Denying and minimizing can be particularly damaging. In addition to lowering self-esteem and creating conflict, the invalidation of reality, feelings, and experiences eventually lead to questioning and mistrusting perceptions and emotional experiences.
Common types of psychological abuse
Gas-lighting (extreme Denying)
Social abuse and isolating
Shaming and guilt tripping
Coercive emotional sexual Abuse
Financial abuse and control
Cultural and spiritual abuse
Using the judicial system to abuse
Using technology to abuse
Common effects of psychological abuse
Trauma, including PTSD and dissociation
Depression, anxiety, or other mental health concerns
Breakdown of relationships due to isolation
Problems at work or school
Questioning your own experience
Trauma bonding, where the perpetrator and victim have an emotional bond
Self-destructive behaviors, addictions, or compulsions
Inability to enjoy people, things, and events that would otherwise be enjoyable
Suicidal thoughts, sometimes actions, and self-harming urges and behaviors
Difficulty being vulnerable to close others
Increased chances of experiencing Agoraphobia
Alexithymia, or the ability to name or identify emotional experience
Healing from trauma and abuse
When you pay attention to your internal feedback, you not only enhance your emotional intelligence but can learn to carry this wisdom into the world in a manner that enhances your health and relationships.
Healing is about embodying what comes up in the present moment, even the past, and giving it awareness. You learn to no longer resist, fight, escape, repress, or amplify the internal experience. By giving it compassion and attention, you can release it.

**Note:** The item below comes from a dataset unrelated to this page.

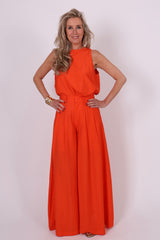 Aura skirt pant flame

As Eckhart Tolle gives an example in his book The Power of Now when a duck feels threatened by another duck, they fight for a few seconds, and the duck swims off. The duck then shakes their wings several times to release the residual energy of distress, calms down, and returns to the moment as if nothing happened. In this example, the energy is not trapped and therefore does not accumulate.
The trapped energy is in the body, and the mind replays it as drama and trauma. Mindful awareness of your body and the internal experience is called ‘interception’, which brings the unconscious into consciousness to be released and offers an opportune time to heal.
Trauma-informed care will generally include establishing a greater sense of ‘then versus now’ to help the nervous system to stabilize around a felt sense of ‘safe enough in the present moment. We transform within an environment that is non-judgmental, compassionate, conscious, and gentle. This allows our innate healing wisdom to come forward so deep healing can happen.
If you have a history of abuse, this may take time and gentleness to trust enough. Healing comes when we turn curiosity and self-compassion towards ourselves and the inner wounded child. This allows space and safety for deep healing. Learning, practicing, and developing healthy resource-building and coping skills to help tolerate and regulate internal experiences is crucial.